As currently defined in the DSM-IV-TR, a diagnosis of GAD involves excessive anxiety and worry about a number of events or activities, which occur more days than not for at least six months. The worrying is difficult to control, and the individual experiences three or more associated symptoms, including restlessness, fatigue, difficulty concentrating, irritability, muscle tension and sleep disturbance. The focus of worry is not on a situation that could be more parsimoniously subsumed under another anxiety disorder (e.g., fear of embarrassment or humiliation in social situations, as in social anxiety disorder). Additionally, there must be evidence of clinically significant functional impairment.

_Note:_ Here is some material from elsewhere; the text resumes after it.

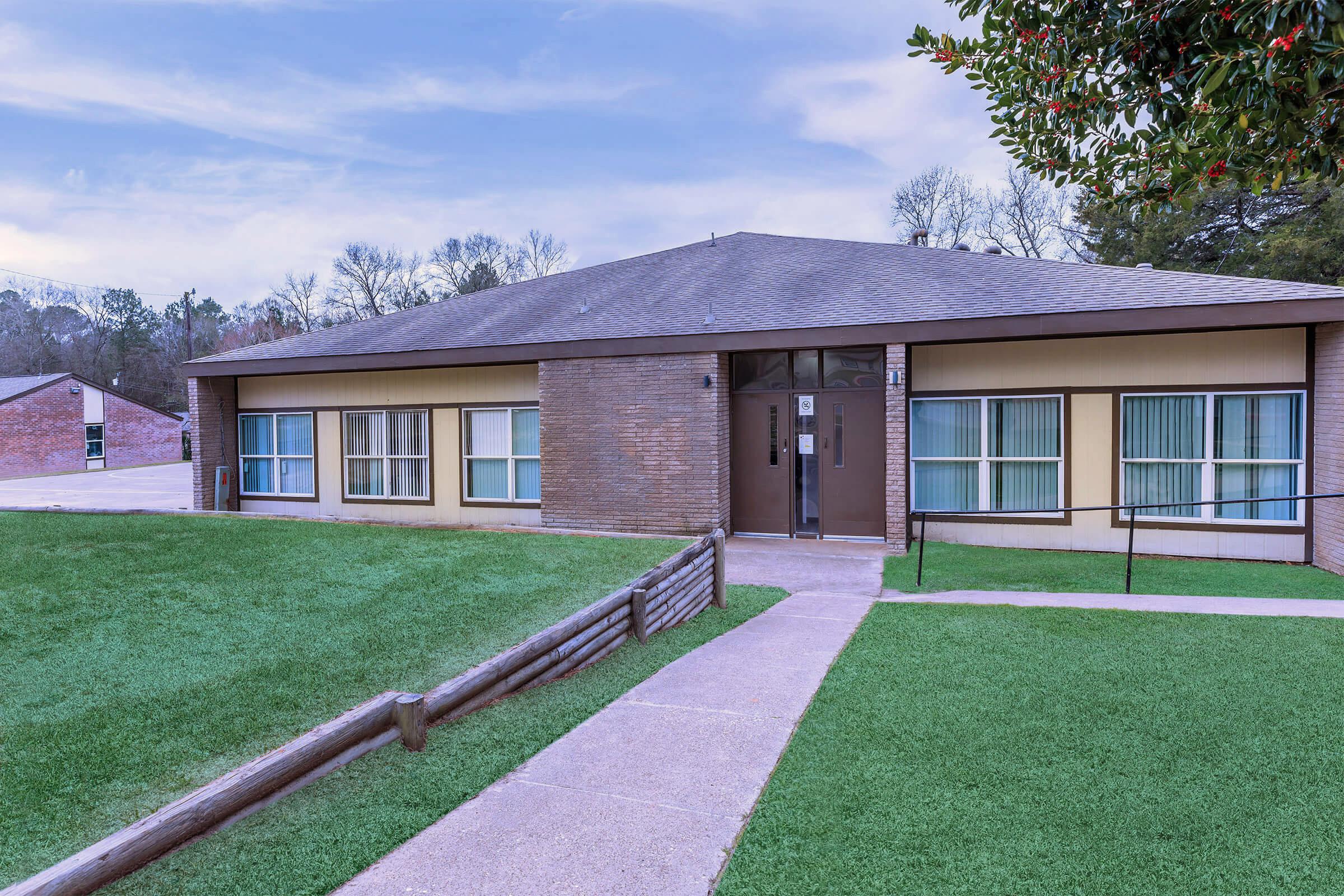 a house with a lawn in front of a brick building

Given its prevalence and associated impairment, the significant burden imposed on health care resources, accurate assessment of GAD and its severity by mental health and primary care clinicians is an increasingly important goal. Reliable diagnosis and assessment of disorder severity can guide the nature, frequency and duration of therapeutic interventions. Moreover, accurate assessment of initial disorder severity provides a benchmark from which ongoing evaluation of treatment effectiveness can proceed.
Assessing Severity in GAD

Assessing the severity of GAD can be done quantitatively (e.g., a 0-10 rating scale), qualitatively (e.g., categorical classifications such as mild, moderate or severe), or with some combination of these approaches. It should apply to relevant domains (e.g., worry, associated symptoms, subjective distress, impairment in role-functioning). In the recent National Comorbidity Survey-Replication study, severity of 12-month GAD cases was evaluated among a large representative community sample (Kessler et al., 2005). Findings revealed that 32.3% of individuals with GAD were classified as serious, 44.6% of cases as moderate and 23.1% as mild, with severity defined by the consequences of GAD in several domains of functioning. Serious cases were defined by: a recent suicide attempt; substantial work limitation; substance dependence with serious role impairment; or 30 or more days out of role in the year. Moderate cases were defined by: a suicide gesture, plan or ideation; substance dependence without serious role impairment; and moderate work limitation or moderate role impairment. Disorders not meeting the criteria for serious or moderate severity were classified as mild.

A complementary way to assess the severity of GAD is to focus on the specific symptoms constituting the disorder. A number of psychometrically sound instruments designed toward this end have been reported in the anxiety disorder and GAD research literature (Table 1). (For more comprehensive reviews see Roemer and Medaglia [2001] and Turk et al. [2004]).